Firenze, 29 febbraio 2012 - "Quando ti uccidono un figlio, è come se ammazzassero anche te". Non dimenticherò mai le parole che mi disse la mamma di un ragazzo travolto mentre attraversava sulle strisce pedonali, a Milano. L’investitore, risultato ubriaco, al processo se l’era cavata con poco e per di più aveva riottenuto velocemente la patente. Ora questa legge che introduce il reato di omicidio stradale, se davvero andrà in porto, rimuove un vulnus presente nel nostro Codice della Strada: chi causa un incidente mortale guidando ubriaco (con tasso alcolemico superiore all’1,5%) o sotto l’effetto di droghe, non solo avrà una condanna pesante, almeno otto anni,ma soprattutto non potrà più guidare un’automobile, con il cosiddetto "ergastolo della patente". Personalmente, ritengo questa seconda misura ancora più importante della prima: troppe tragedie hanno per protagonisti guidatori che già avevano provocato altri incidenti gravissimi, senza che nessuno potesse fermarli in tempo dalla recidiva.
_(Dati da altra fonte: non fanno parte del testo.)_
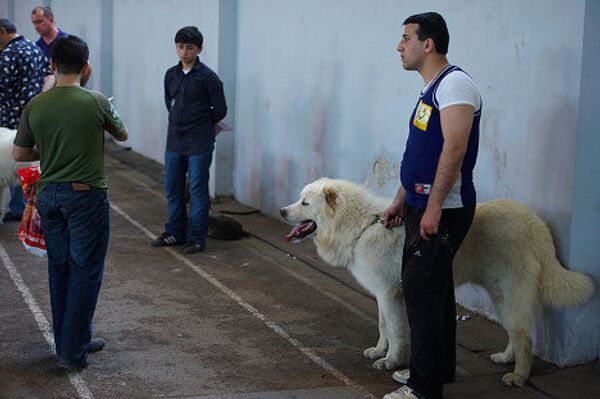 В середине мая в Тбилиси прошла Международная выставка собак, собрав около 300 участников. На фото - выставка собак, май 2010, Тбилиси. В середине мая в Тбилиси прошла Международная выставка собак, собрав около 300 участников. На фото - выставка собак, май 2010, Тбилиси. - Sputnik Грузия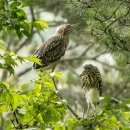 해오라기 이미지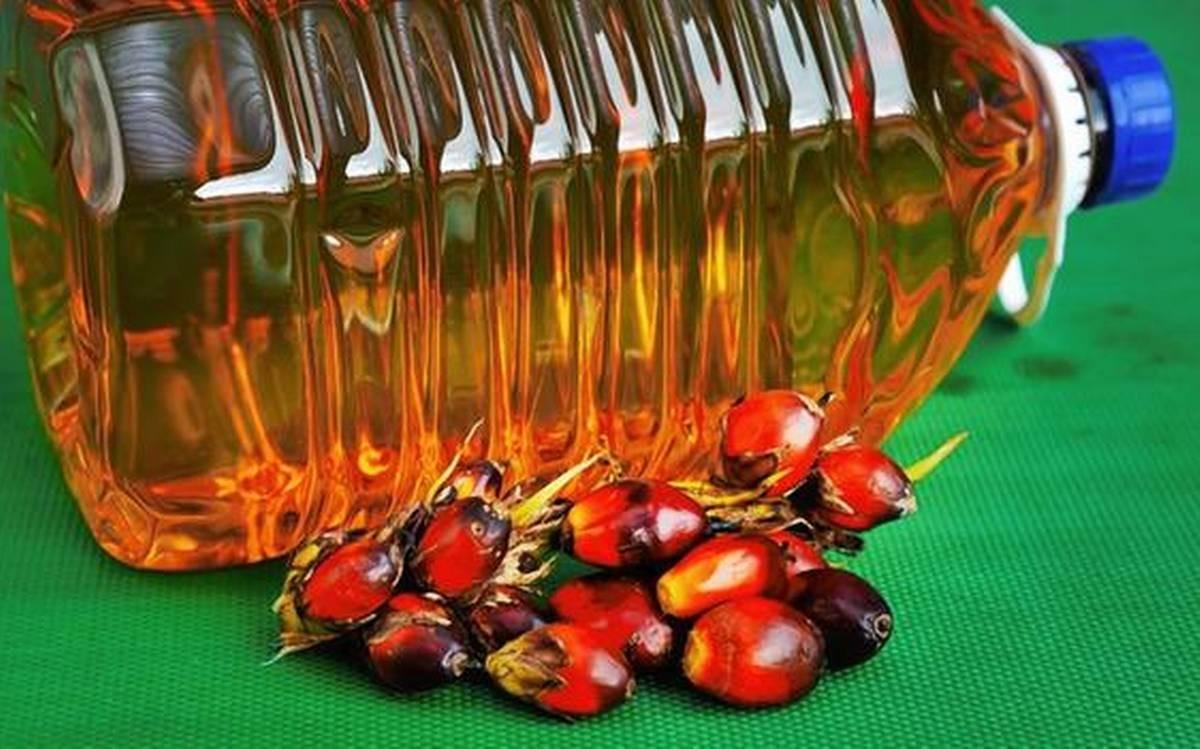 Refined Palm Oil for Restaurants and Catering Businesses Requiring Stable Cooking Performance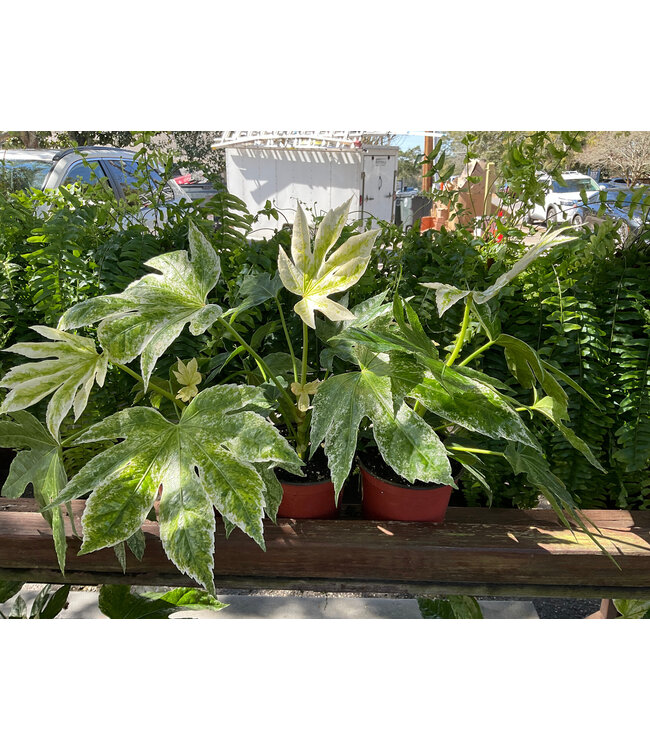 The Plant Shoppe FATSIA 'SPIDER'S WEB' # 3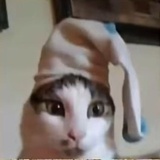 增增瓦嘎耐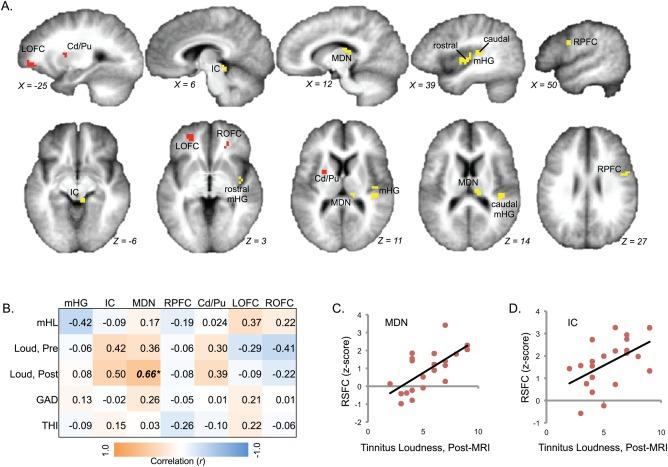 https://cdn.ncbi.nlm.nih.gov/pmc/blobs/cf4f/6867316/c3a2f4d9dd3a/HBM-37-2717-g003.jpg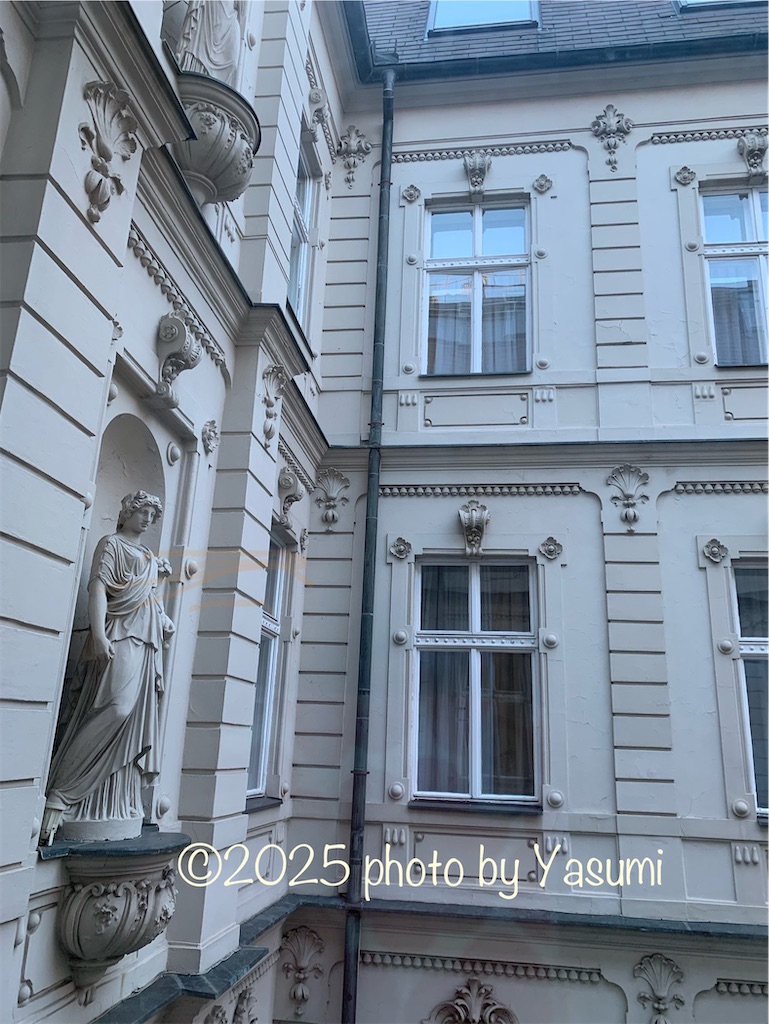 f:id:Jasmine7th:20250209151513j:image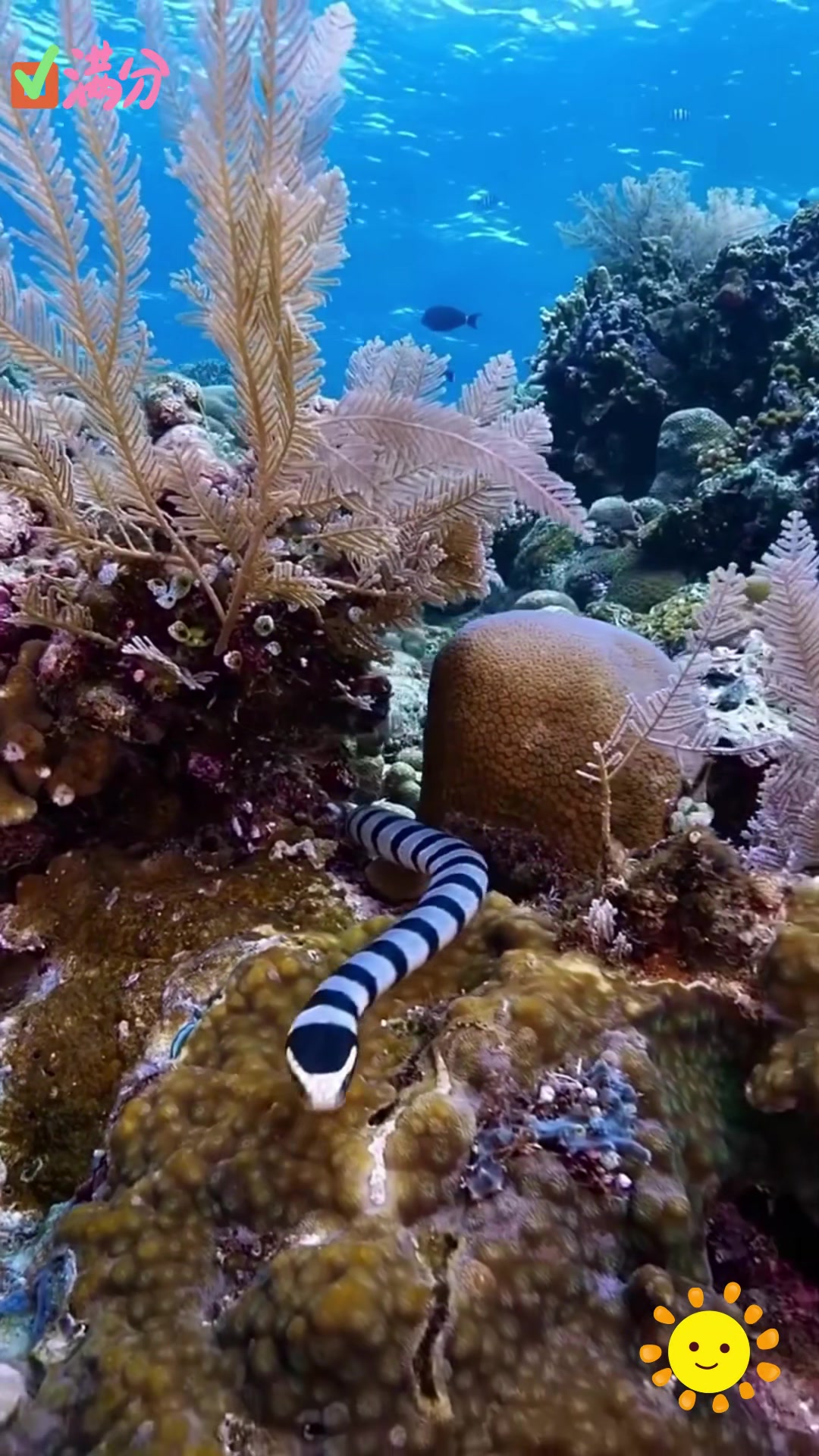 爱蛇潜水员必去!探秘泰国普吉岛的潜水胜地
Nel faticoso cammino della legge c’è un piccolo miracolo: a idearla e sostenerla con sforzi sovrumani, c’è il padre di un ragazzo che fu travolto e ucciso da un ubriaco. L’uomo, un ingegnere fiorentino, si chiama Stefano Guarnieri e il miracolo sta nel fatto che non ha mai cercato vendetta per il suo Lorenzo, preferendo prodigarsi per evitare che il suo dramma non entrasse in altre famiglie. Ecco perché ha dato vita a una Fondazione che a sua volta ha generato decine di iniziative, tra cui la stesura della proposta di legge sull’omicidio stradale e la raccolta delle 50mila firme necessarie per portare il tutto all’attenzione del Parlamento.

Il sindaco di Firenze, Matteo Renzi, lo ha appoggiato, mettendo la sua firma in testa a un lungo elenco fatto di adesioni giunte da ogni parte d’Italia. Un plauso, dunque, al ministro Corrado Passera, che sposa la proposta di Guarnieri senza se e senza ma, dando al governo Monti la possibilità di dimostrare di non essere un esecutivo legato solo all’emergenza economica. Ma tutti devono sapere che la deterrenza da sola non basta, se non è accompagnata da una capillare campagna di educazione. Buttata lì così, rischia solo di aumentare i casi di pirateria, a opera di chi fugge per evitare le pene draconiane in arrivo.